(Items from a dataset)

⁂

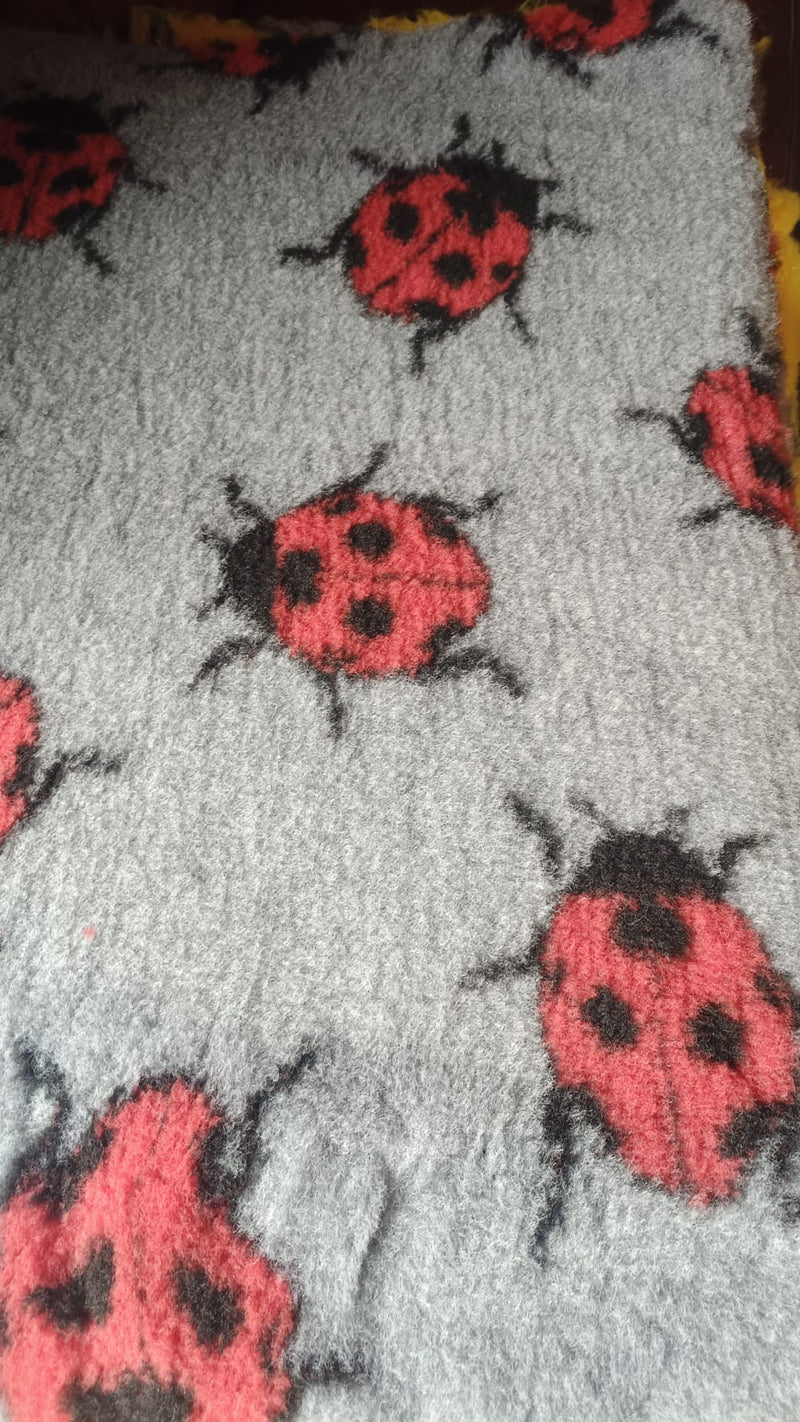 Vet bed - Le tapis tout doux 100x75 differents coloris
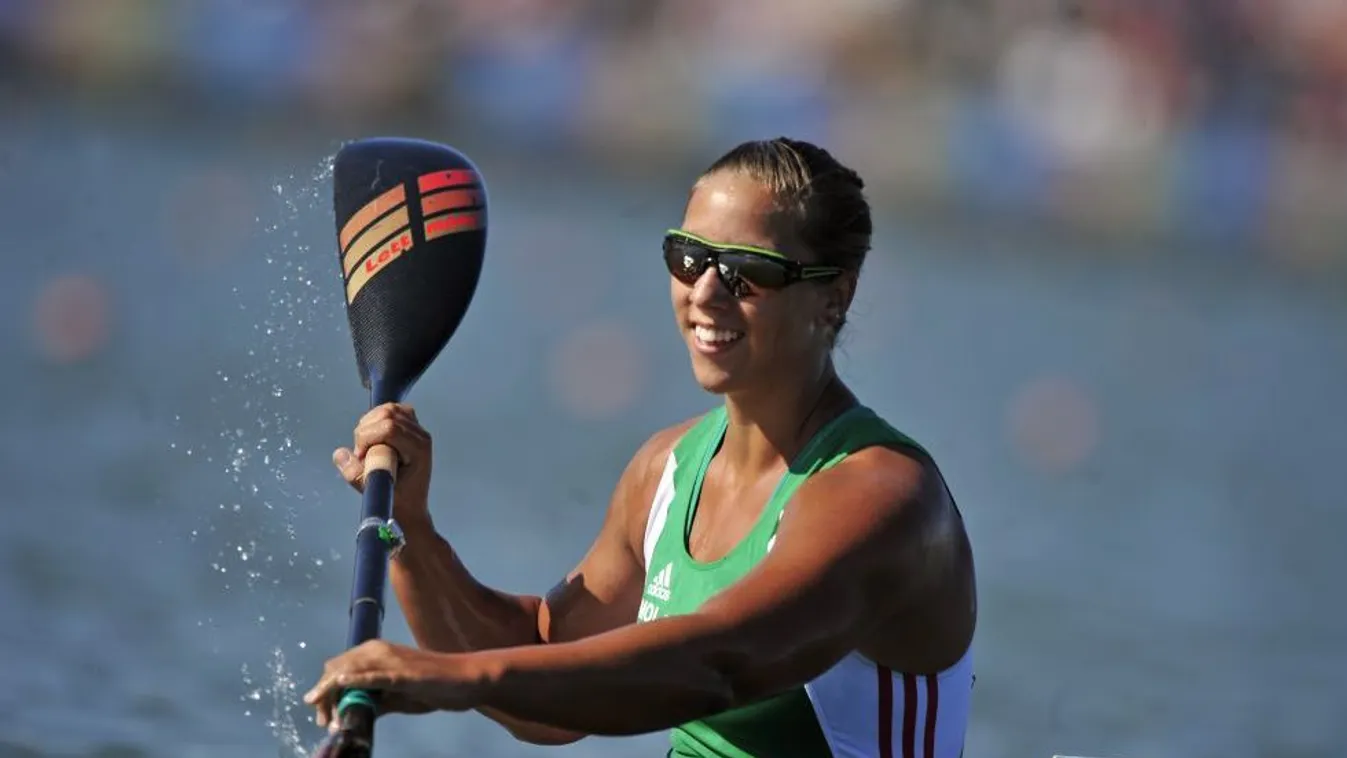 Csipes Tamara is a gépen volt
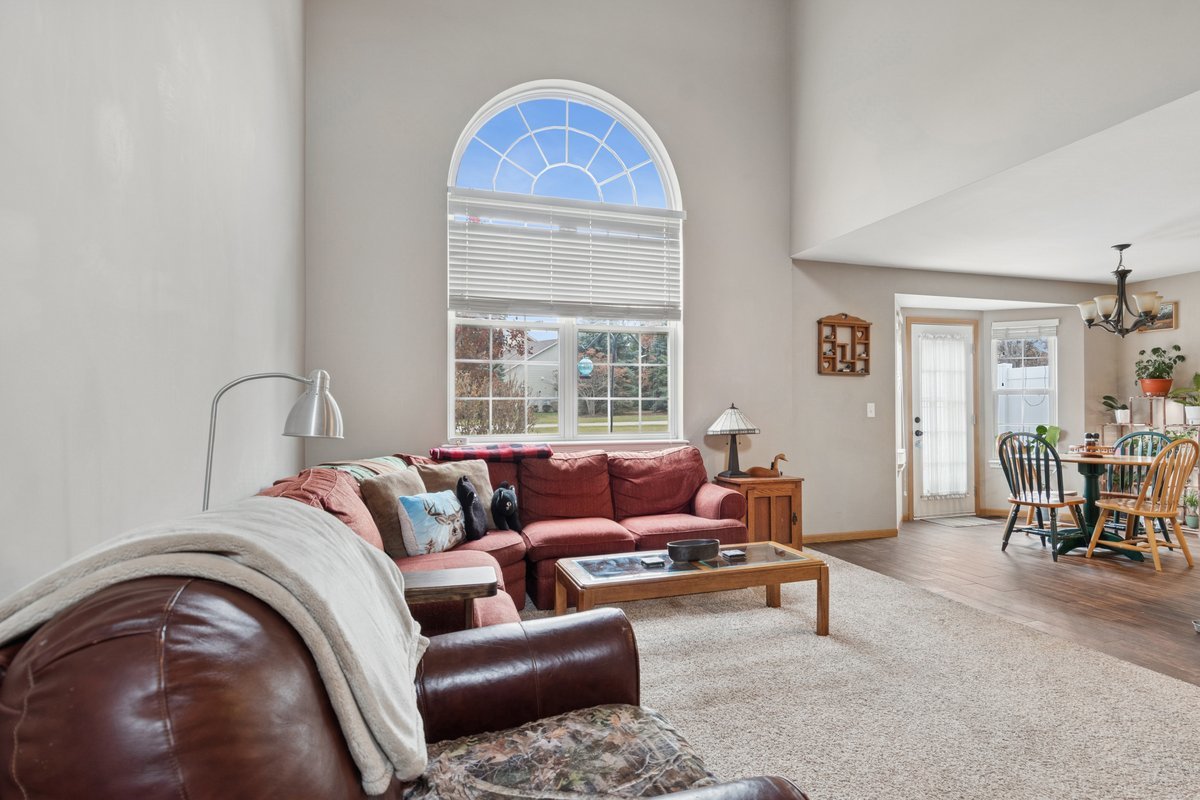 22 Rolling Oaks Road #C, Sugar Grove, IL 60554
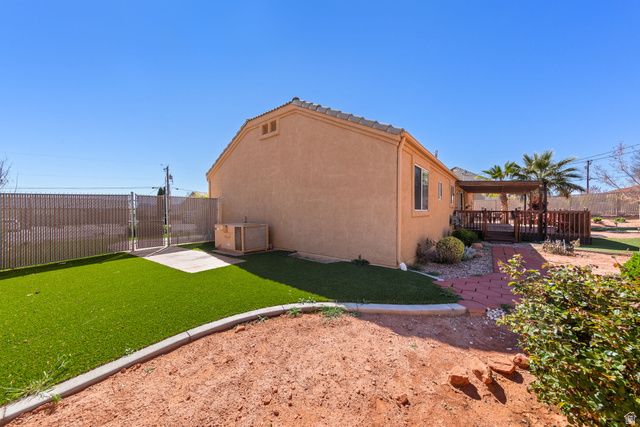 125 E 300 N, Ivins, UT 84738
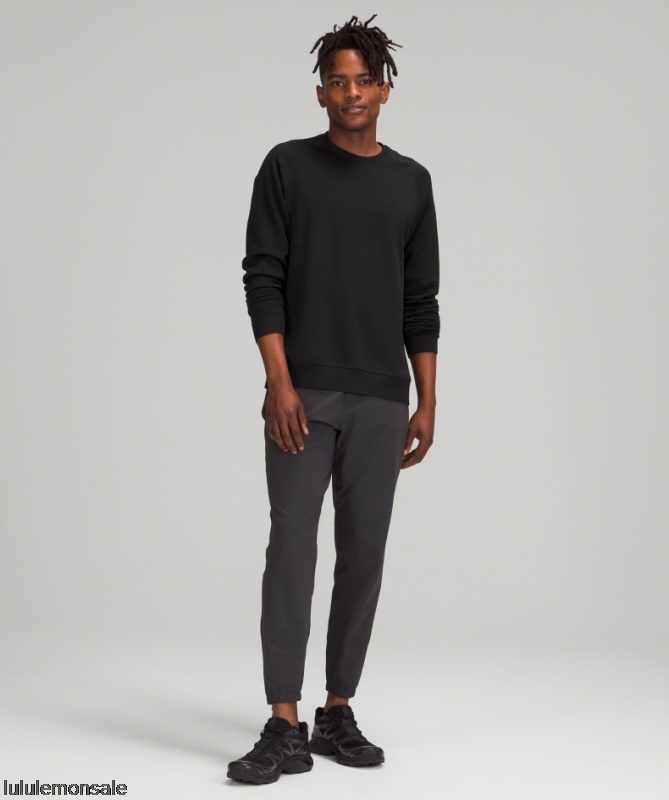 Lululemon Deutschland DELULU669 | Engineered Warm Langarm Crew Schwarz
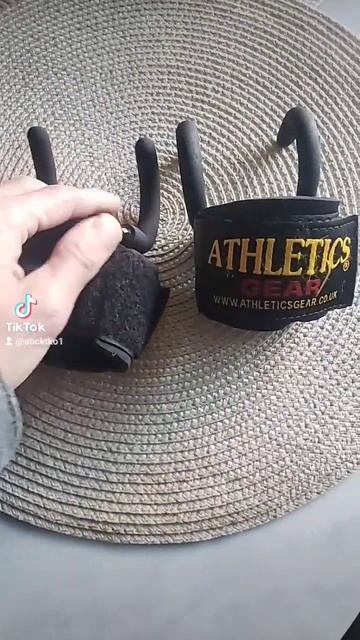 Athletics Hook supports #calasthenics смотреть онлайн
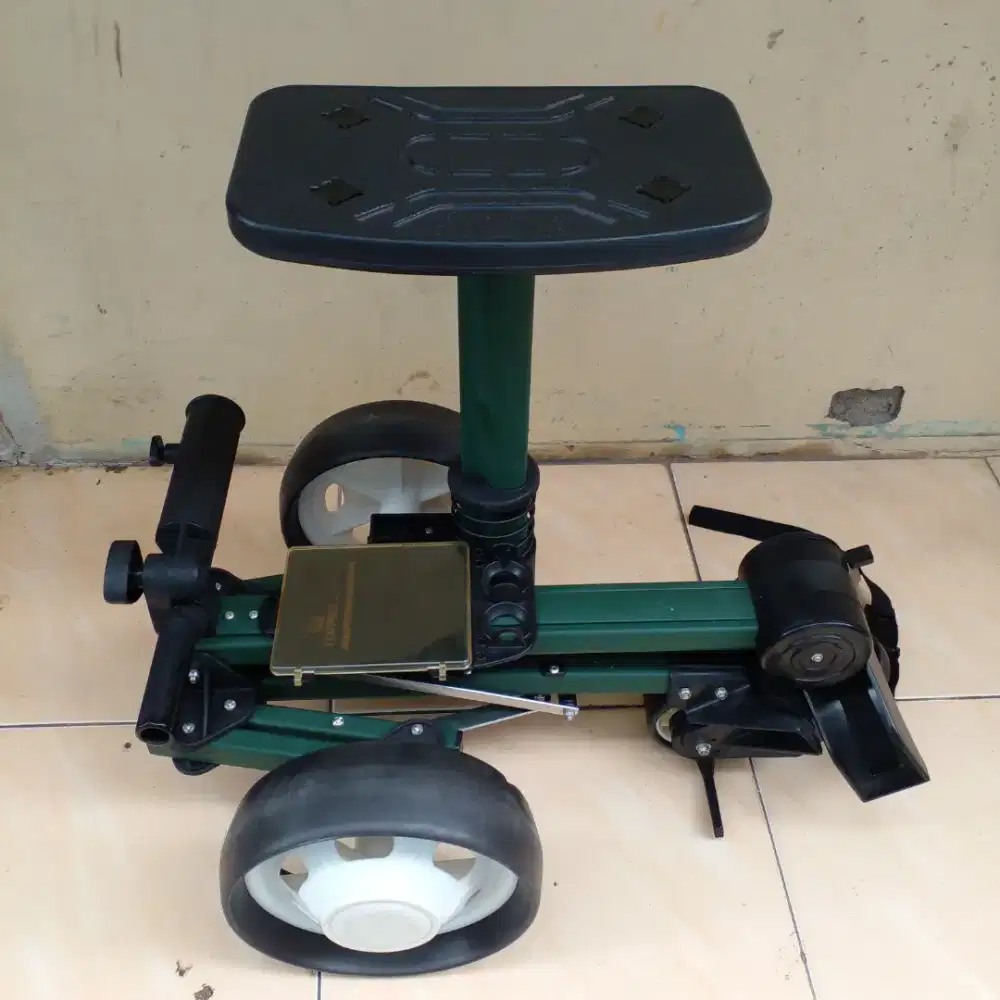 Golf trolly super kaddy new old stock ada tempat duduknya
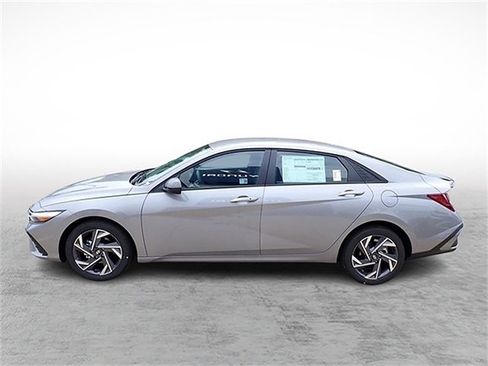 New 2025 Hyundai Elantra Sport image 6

⁂

• WHAT YOU WILL DO: Retype only the lines from the one with "125 E 300 N, Ivins, UT 84738" through the final line of the entries, please, and keep the pictures out.

• WRITTEN SOLUTION:
 125 E 300 N, Ivins, UT 84738
 Lululemon Deutschland DELULU669 | Engineered Warm Langarm Crew Schwarz
 Athletics Hook supports #calasthenics смотреть онлайн
 Golf trolly super kaddy new old stock ada tempat duduknya
 New 2025 Hyundai Elantra Sport image 6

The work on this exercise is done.